Aquela planície lembrava-lhe tempos idos. Balançava o corpo como quem dança. E dizia para si própria: apesar de tudo, foram os anos mais felizes da minha vida. Nunca mais voltaria a ter vinte anos, nunca mais teria aquele corpo esguio e musculado, sedento de viver histórias e conhecer pessoas e lugares. Naquele tempo não tinha medo de nada, percorria aqueles montes descalça, orientando o gado e indo buscar água à ribeira. Muita fome passou, comendo côdeas de pão rijo, rapando panelas de sopa e açorda, dizendo para si própria que quando fosse grande seria rica. Por isso, emigrara. Por isso, abandonara o seu país, a sua terra, há mais de trinta anos. Agora, Luísa tinha cinquenta e cinco anos. Já era avó, os ossos já falavam quando o tempo mudava. No peito carregava muitas batalhas travadas solitariamente. Não se casara, dizia que os homens eram estorvo para a sua vida. Mas, por ironia do destino tivera um filho homem e dois netos rapazes. Costumava dizer que Deus gozava com a humanidade, era um Mestre do Ilusionismo, iludia a humanidade com falsas promessas de conforto e beleza e no final fazia xeque-mate com sofrimento e morte. Luísa olhava para aquela planície recordando-se de uma infância e juventude duras, mas felizes, em que o peso da palavra valia ouro. Os contratos eram apalavrados e isso era assinatura de alma. Olhava para o monte da Ti Hortência e do Ti Manel das Couves e lembrava-se dos banhos de alguidar para aguentar o calor, do leite creme queimado com ferro, do leite acabado de ordenhar para matar a fome maldita. Lembrava-se de, ainda miúda, entrar na taberna do Quim do Pereiro e ouvir os cantares de um grupo de homens bebendo e espantando as agruras da vida. Não, Luísa não tivera uma vida fácil. Em França trabalhara como empregada de limpezas. Lá tivera uma vida aparentemente melhor. Pelo menos, não passava fome, pensava. O pior das pessoas vem com a fome. Por fome faz-se tudo, coisas que não lembra o diabo.

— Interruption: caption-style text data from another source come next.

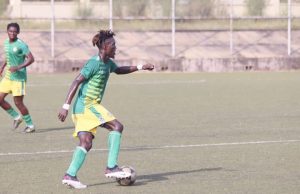 NPFL 2020/21: We Must Beat Rivers United In Port Harcourt – Afeez Nosiru Promises Kwarans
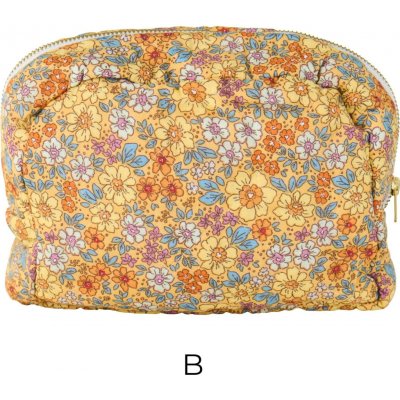 Ib Laursen prošívaná kosmetická taštička Patterns A multi barva – Sleviste.cz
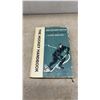 Image 3 : Cole Perfetti Jets Bobblehead, Hockey Heroes Pin Collection, Percival Handbook and Vintage Photo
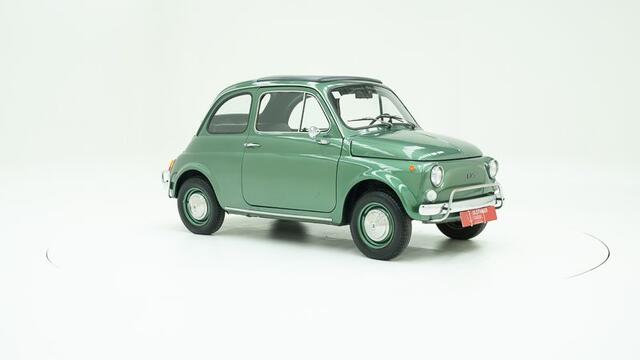 Fiat 500 L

Aquela planície lembrava-lhe o melhor e o pior da sua vida, mas mesmo assim queria poder regressar àqueles tempos, queria voltar ao dia em que a vira pela última vez. Sua mãe abalara um dia sem nada dizer, sem se despedir. Sendo Luísa a mais velha, ficara ela responsável pelo trabalho da casa e pela educação dos irmãos. Nunca chorou, sabia que as lágrimas eram poucas para expressar tudo o que sentia. A partir desse dia o pai nunca mais foi o mesmo. Passava os dias na taberna a beber. Certo dia foram-no encontrar morto, preso num sobreiro do monte do Abel Colares. O corpo hirto, preso pelo pescoço por uma corda meticulosamente preparada. Luísa tivera que ver o pai, afinal foi ela que o preparou para o velório. O que mais a chocou foram os olhos arregalados, parecia que estavam assustados por encarar a morte. Nunca chorou pela trágica perda do pai. Todas as lágrimas eram poucas, poucas e desnecessárias. A água aqui é escassa, pensava ela. Chorar para quê?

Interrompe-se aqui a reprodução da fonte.